October 19, 2012
Samsung’s Galaxy tablet does not violate Apple’s patents because it simply is “not as cool” as Apple’s iPad, a British Court of Appeal ruled Oct. 18.
The court upheld a July ruling by Judge Colin Birss, unanimously agreeing with his findings that Samsung’s tablets just “are not as cool” as the iPad and that Samsung did not infringe on Apple’s rights.
“The extreme simplicity of the Apple design is striking,” Birss wrote at the time, making note of the iPad’s “undecorated flat surfaces, very thin rim and crisp edge.”
Judge Robin Jacob of the Court of Appeal also ordered Apple to broadcast the court rulings to ensure consumers know Samsung’s Galaxy tablet is not a knock-off.
“Apple itself must (having created the confusion) make the position clear: that it acknowledges that the court has decided that these Samsung products do not infringe its registered design,” Jacob wrote in his decision. “The acknowledgement must come from the horse’s mouth. Nothing short of that will be sure to do the job completely.”
Apple has not said if it will take its appeal to the Supreme Court, the final court of appeal for U.K. civil cases.
Samsung and Apple are embroiled in a patent fracas in 10 countries as each accuses the other of copying one another’s mobile devices.
The companies are going head-to-head as the holiday season approaches in a bid to dominate the mobile market.
U.S. District Judge Lucy Koh recently rescinded a ban on U.S. sales of the Galaxy Tab 10.1 that she imposed in June.
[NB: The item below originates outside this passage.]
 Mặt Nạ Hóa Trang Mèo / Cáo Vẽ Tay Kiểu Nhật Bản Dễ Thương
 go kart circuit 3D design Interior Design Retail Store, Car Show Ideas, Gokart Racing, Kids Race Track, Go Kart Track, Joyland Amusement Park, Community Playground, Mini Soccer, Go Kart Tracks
Koh said she had no grounds for keeping the preliminary injunction in place after jurors decided in an Aug. 24 verdict Samsung did not violate an Apple design patent.
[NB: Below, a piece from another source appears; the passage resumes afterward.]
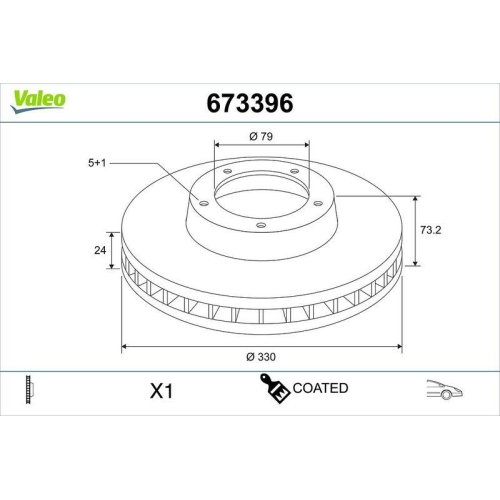 VALEO Bremsscheibe COATED 673396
Apple, however, said the ban should not be lifted because the jury concluded the Samsung device violated other patents at issue in the case.
A jury awarded Apple $1.05 billion in a separate case in August after determining a number of Samsung Smartphones violated Apple’s iPhone patents.
Koh also has ordered Apple to release information on its iPhone sales, earnings and profit margins.
Samsung, meanwhile, claimed in its court filing Oct. 1 that Apple’s iPhone 5, which was released last month, infringes two standards patents and six features patents.
The case is set for trial in 2014. Samsung’s initial complaint names the same eight patents as the reason for alleging infringement by previous iPhone models, as well as the iPad and iPod Touch.